» Assignment: Write out only the lines from the start of the entries up to and including the line with "having fun with a lizard mov"; please skip the pictures.

» Exercise input:
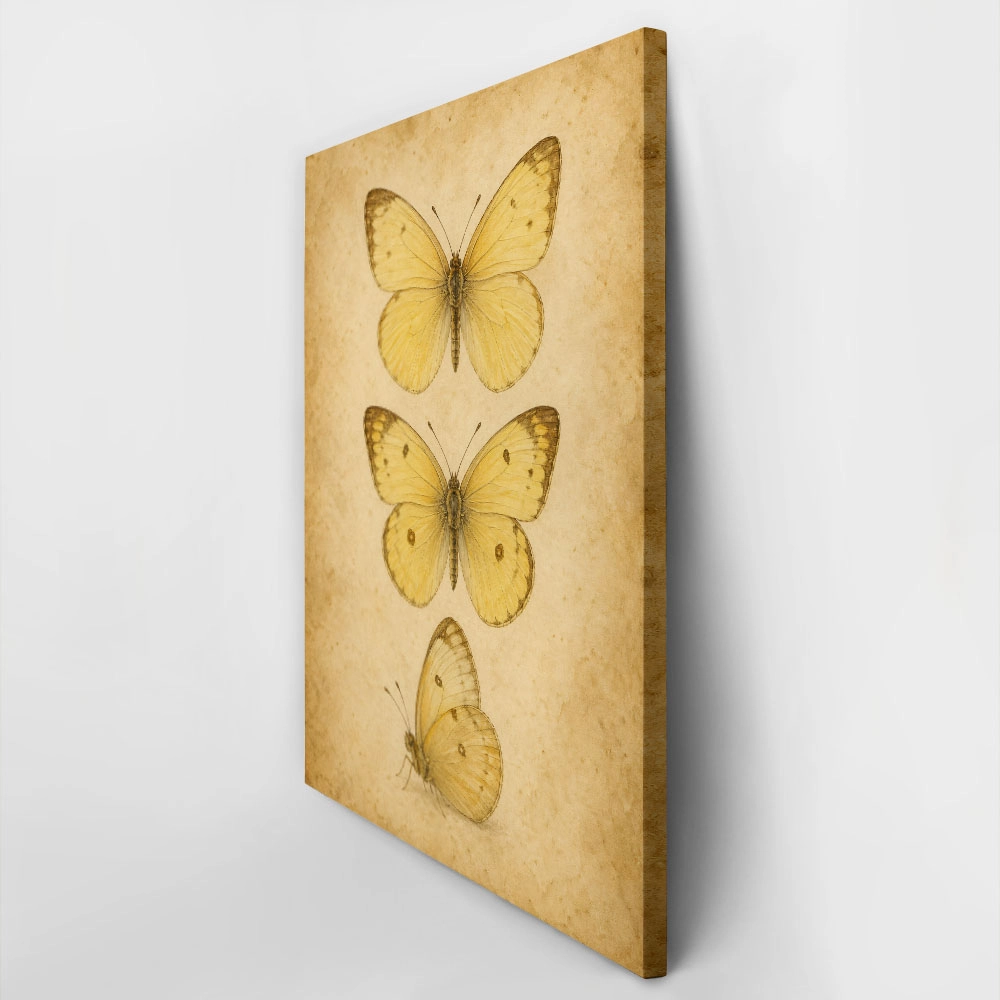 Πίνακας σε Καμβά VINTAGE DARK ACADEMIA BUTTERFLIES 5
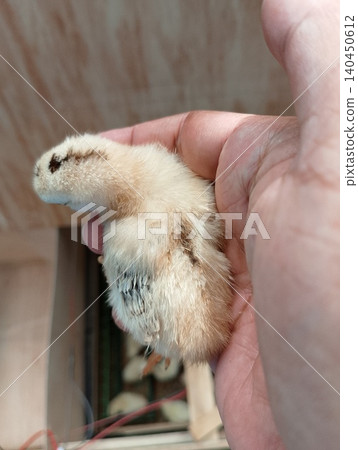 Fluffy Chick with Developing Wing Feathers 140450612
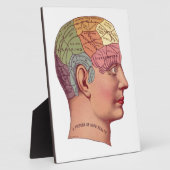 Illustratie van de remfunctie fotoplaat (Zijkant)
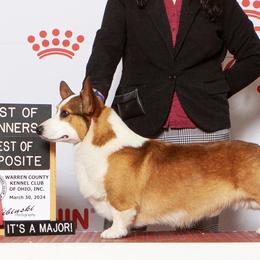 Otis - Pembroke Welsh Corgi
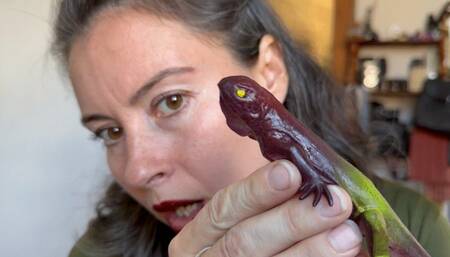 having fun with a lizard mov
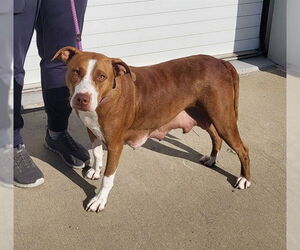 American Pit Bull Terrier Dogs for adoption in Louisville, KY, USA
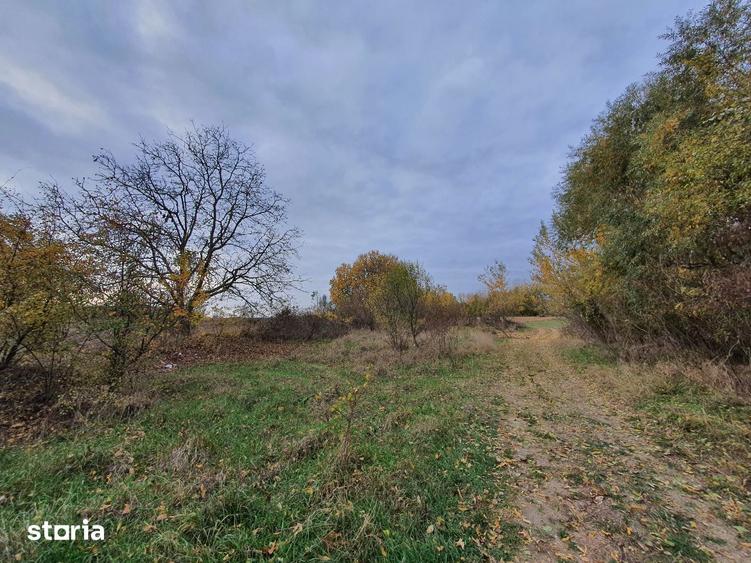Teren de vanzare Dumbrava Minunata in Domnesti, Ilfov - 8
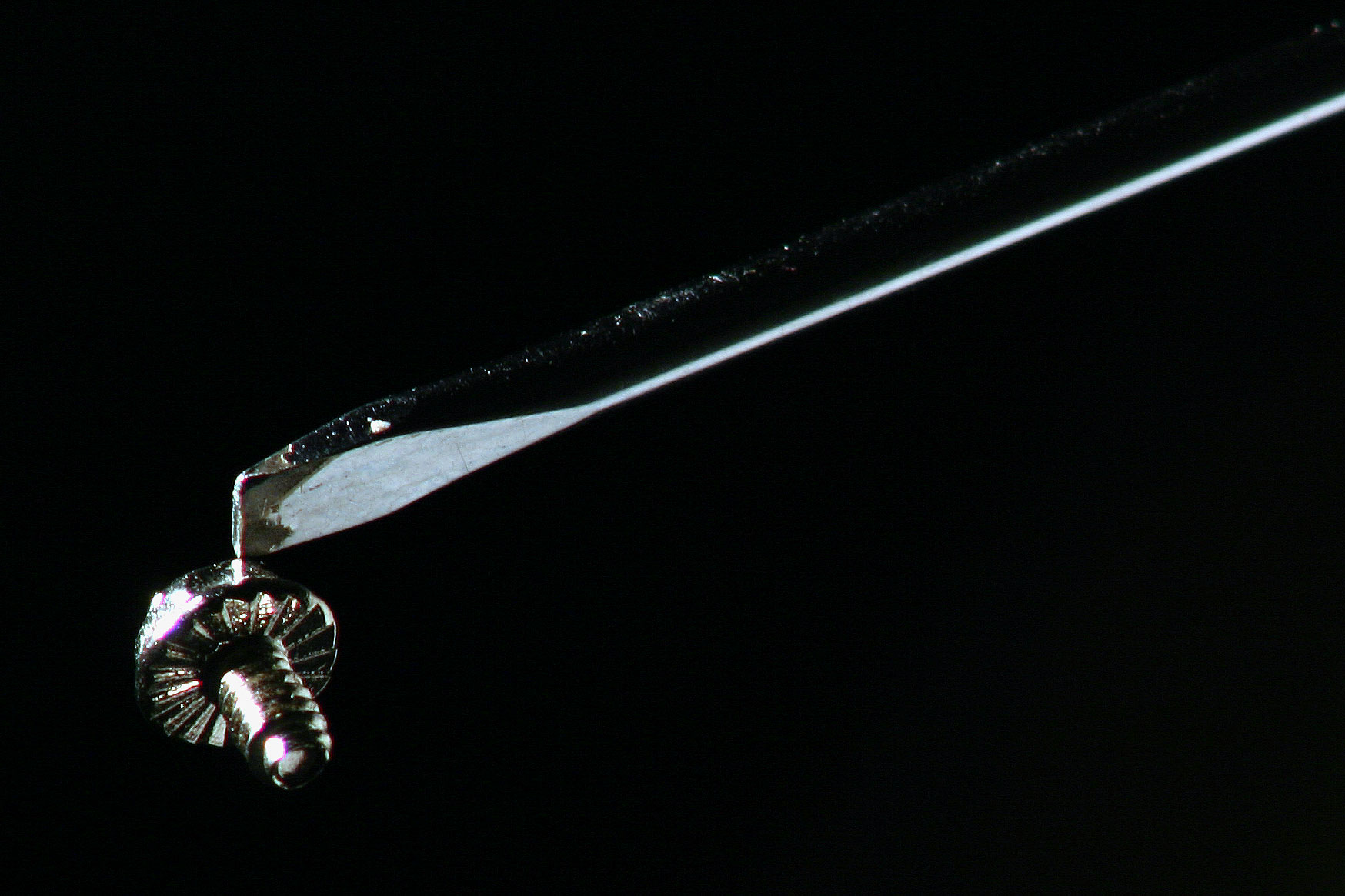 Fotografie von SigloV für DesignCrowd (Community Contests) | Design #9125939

» Task answer:
 Πίνακας σε Καμβά VINTAGE DARK ACADEMIA BUTTERFLIES 5
 Fluffy Chick with Developing Wing Feathers 140450612
 Illustratie van de remfunctie fotoplaat (Zijkant)
 Otis - Pembroke Welsh Corgi
 having fun with a lizard mov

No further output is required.